Every blue moon a carefully crafted judicial creation comes out of the law factory that excites citizens beyond the tight confines of the law.
Importantly, it provides an opportunity for the wider community to indulge in the vastly satisfying business of judge sledging.
Justice Peter Jacobson’s reasons in the Kookaburra Sits in an Old Gum Tree case is the latest offering in this category.
It touched something nervy.
“What a ridiculous ruling,” Angus Lawson of Pennant Hills wrote to The Sydney Morning Herald.
“An ignorant judgment,” declaimed Alan John of Arncliffe.

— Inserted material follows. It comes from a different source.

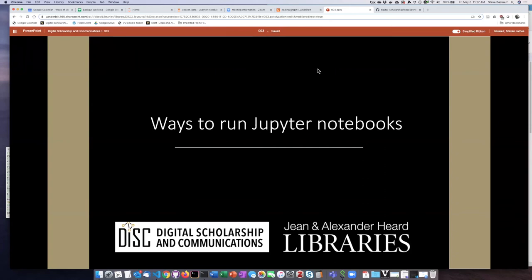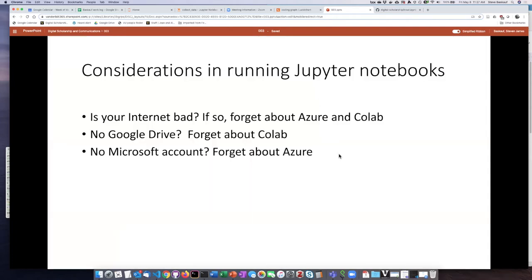I'm now going to show you three different ways that you can run Jupyter Notebooks, and you can see how they work and then consider which one might be best for you. Before I do that, I want to mention three considerations about these different methods to run Jupyter Notebooks.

A “ludicrous court decision”, wrote au contraire in The National Times’ comment section.
“No wonder nobody has any faith in the judicial system in this country,” said a comment in an Age blog.
The case was a “scam … run by greedy lawyers … showing that copyright law is anachronistic … an insult to the spirit of larrikinism”.

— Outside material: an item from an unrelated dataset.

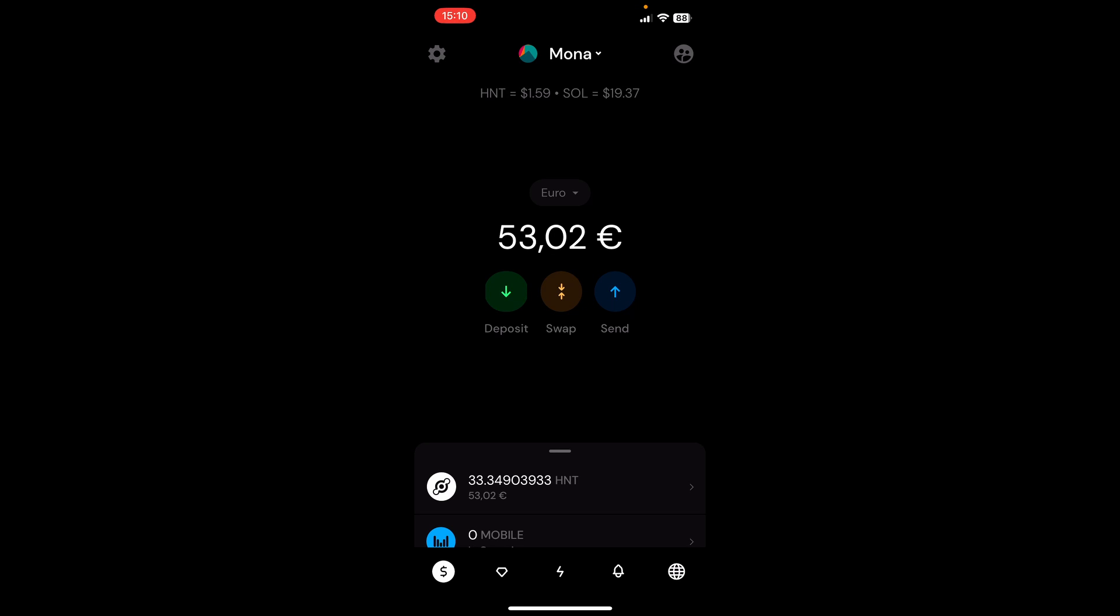Hey guys, OneClo here. I hope all of you are doing well and having a really great day. In today's video, I want to show you how easy it is to actually swap tokens in the Helium wallet. So let's get started.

“Men at Work turned a girlie song into a national anthem to the gratitude of most of us. Don’t they get any credit for the added value?” Richard Ure from Epping commented online.
Jacobson, copyright law itself and the peachy law shop of Simpsons, all came in for public ordure.
Larrikin’s lawyer Adam Simpson made the mistake of looking too pleased with himself when he appeared on the steps of the court to comment on the damages:
“The more the better, but it depends,” he said.
“An unedifying post-judgment remark,” responded Anne Ackroyd of Melba in the ACT.
The claim was for between 40 and 60 percent of Men at Work’s earnings from the hit ditty Down Under.
“It’s a big win for the underdog,” Adam announced.
Actually, it’s a big win for the topdog. Larrikin is owned by the giant London-based Music Sales Group. It’s website says:
“Principally Music Sales owns, manages and exploits over 200,000 music copyrights. It is also Europes largest printed music publisher, distributing products worldwide from centres in the UK, the USA, Australia, Japan and Europe.”
This is no longer Warren Fahey’s charming little Aussie-battler record label.
In any event, the judge said the claim of 40-60 percent of the income from Down Under, “grossly over-reaches a proper allocation of any such entitlement”.
While the amount of moolah remains to be determined, the flaming kept going for days.
Andrew Rowell, also from the ACT, suggested …
“Larrikin Music change it’s name to Greedy Opportunistic Bastards Music.”
Adrian Hart of Baulkham Hills thought:
“Any payments should be made to the estate of the original composer, Marion Sinclair, not faceless men with no artistry or creativity.”
The whole thing has the whiff of McLibel about it – litigation that left the successful party covered in opprobrium.
Jacobson said that the flute riff in Down Under was not a substantial part of the song, but it was a substantial part of Larrikin’s Kookaburra Sits on an Old Gum Tree.
What the case has achieved is a fresh round of unhappiness about copyright law.
Someone called “mike” made a good point in The National Times about the legal justification of copyright as a protection of investment in creativity:
“It is now abundantly clear that in the countries where copyright is weak, e.g. China, there are still loads of creative works and innovation as well as copying, so the economic rationale for copyright has weakened over time.”
Another The National Times’ correspondent volunteered:
“The whole copyright system is broken. It allows parasites like these Larrikin lawyers to profit off something they had no role in creating.”
And one final apposite comment, from London:
“Down Under is a deliberate pastiche of Australiana.”
Illustration: extended “hook” in Down Under
Certainly, Barry McKenzie played an inspirational role. Bits were borrowed from here and there, as is the case with most musical works.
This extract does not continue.